• _Assigned task_
Look below for the line containing "Porsche Taycan 4 Cross Turismo"; from there, print each line exactly up to and including the line containing "Balenciaga F/W20 Interlock", and stop.

• _Material for this task_
──────
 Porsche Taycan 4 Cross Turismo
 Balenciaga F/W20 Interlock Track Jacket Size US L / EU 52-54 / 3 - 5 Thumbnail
──────
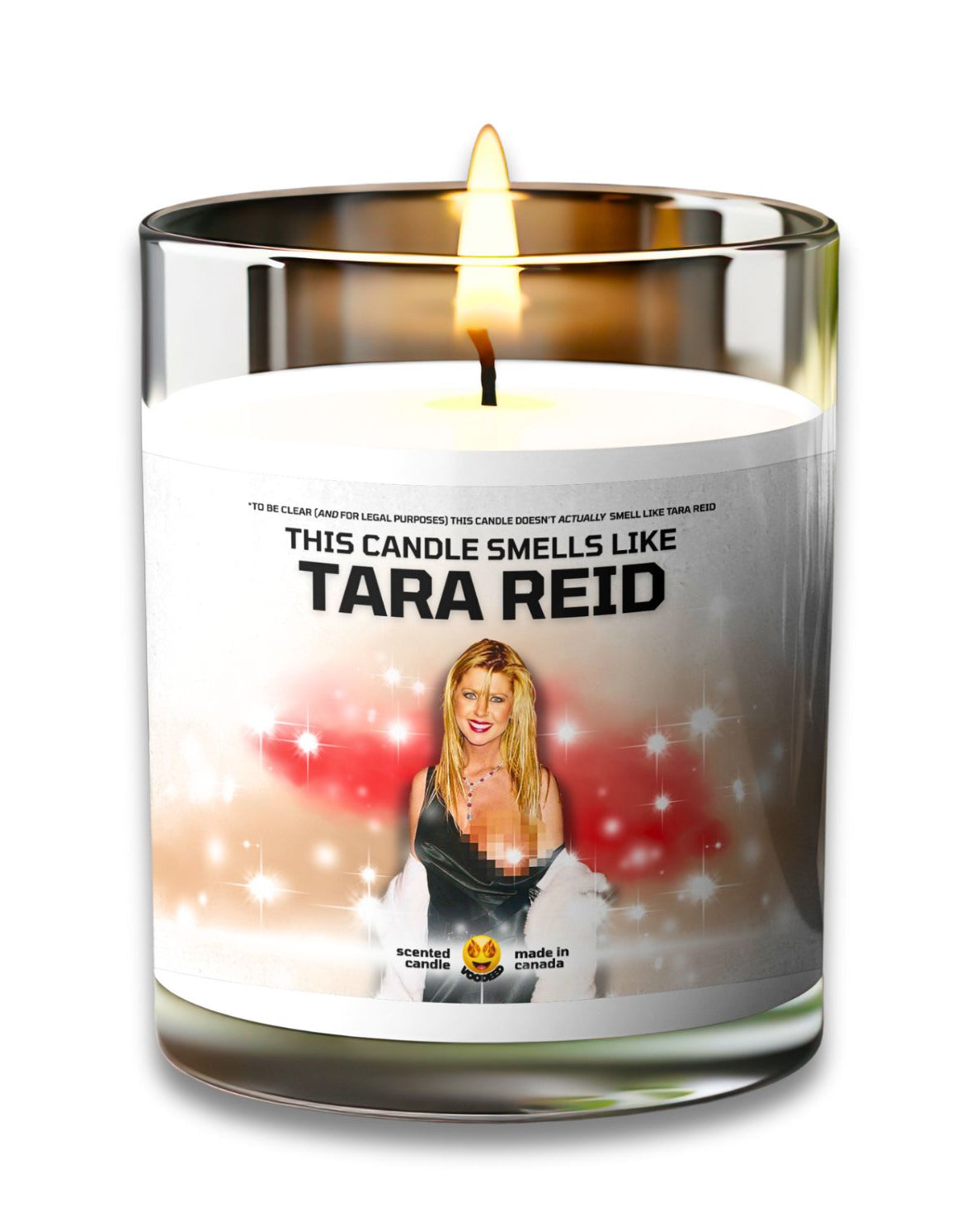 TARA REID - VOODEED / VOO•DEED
──────
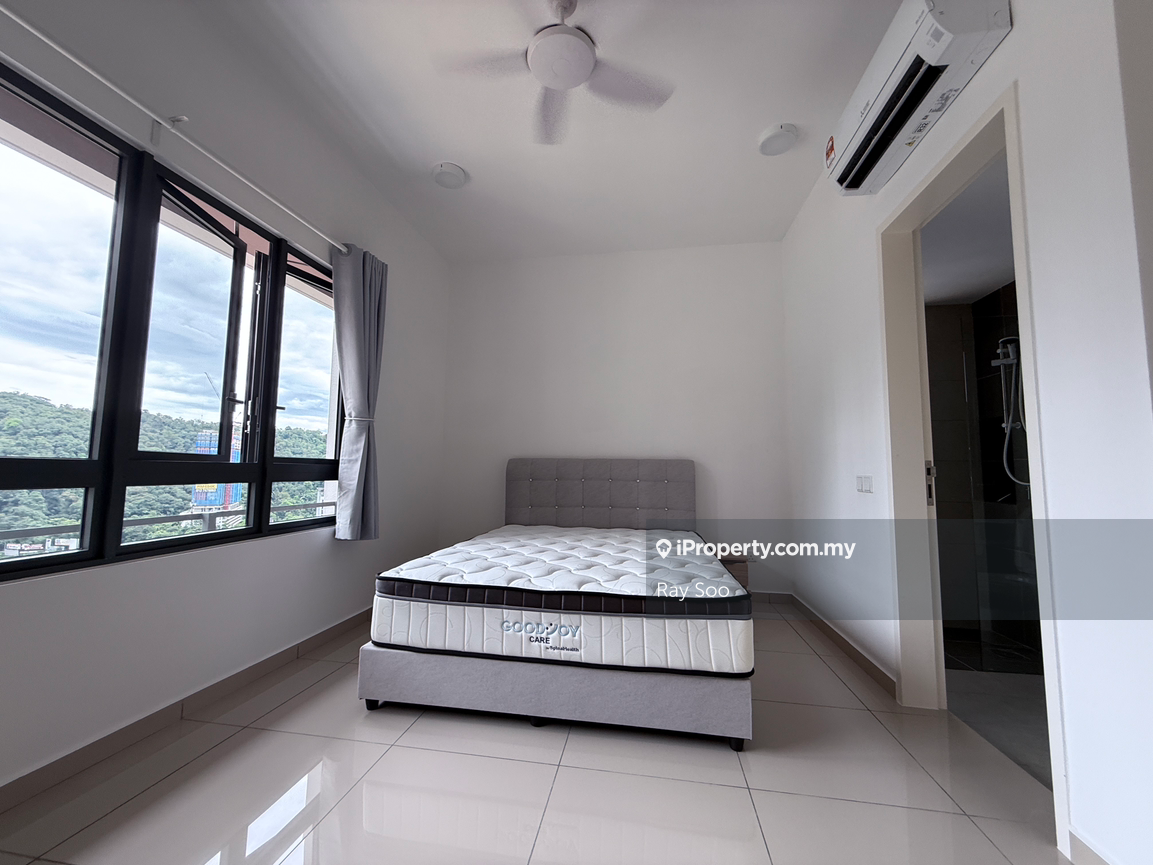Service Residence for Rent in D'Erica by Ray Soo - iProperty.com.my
──────
• _Output for this exercise_
 Porsche Taycan 4 Cross Turismo
 Balenciaga F/W20 Interlock Track Jacket Size US L / EU 52-54 / 3 - 5 Thumbnail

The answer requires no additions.